Clear and effective referral mechanisms are also necessary for enhancing early detection. To help commissioners balance the hub and spoke disparities in lung cancer care, NHS England's Clinical Expert Group for Lung Cancer has created recommendations. A National Optimum Lung Cancer Pathway has also been designed. The chest X-ray should be reported while the patient is in the radiology department, and if it is abnormal, the patient should have a CT chest the same day or within 72 hours. This is one of the new pathway's recommendations. The new route would also make CT scanning directly accessible to primary care. As they avoid the natural delays of the report reaching the GP and the subsequent GP referral/further secondary care CT scan, these modifications potentially shorten referral times by weeks. As individuals are identified earlier, this may also result in a decrease in emergency presentations. Several lung cancer risk scores have been developed in order to select patients for referral from primary care in the most effective way; however, they all need to be compared side by side to determine which performs best so that radiology services are not overloaded with requests for chest X-rays and CT scans once the pathway is introduced.

Conclusion

Over the past ten years, numerous technical, pharmaceutical, and service advancements have been made in the staging and treatment of lung cancer, but doubts about how to most effectively use these advancements and their cost-effectiveness persist.
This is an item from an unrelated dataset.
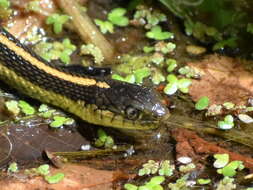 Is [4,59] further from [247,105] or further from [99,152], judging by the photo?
[247,105]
To determine whether newer radiation methods are similar to surgery for lung cancer in its early stages, more research is required. The cost-effectiveness of the more recent targeted medicines is still a hot topic, as is the question of whether investing more money on early supportive care would be wise. Even if there are novel therapies available, access to them is uneven, and more thought needs to be given to resource commissioning to address the hub and spoke effect. The introduction of CT screening in the UK has not yet occurred, despite the fact that it is arguably the most effective advancement in terms of improving lung cancer outcomes.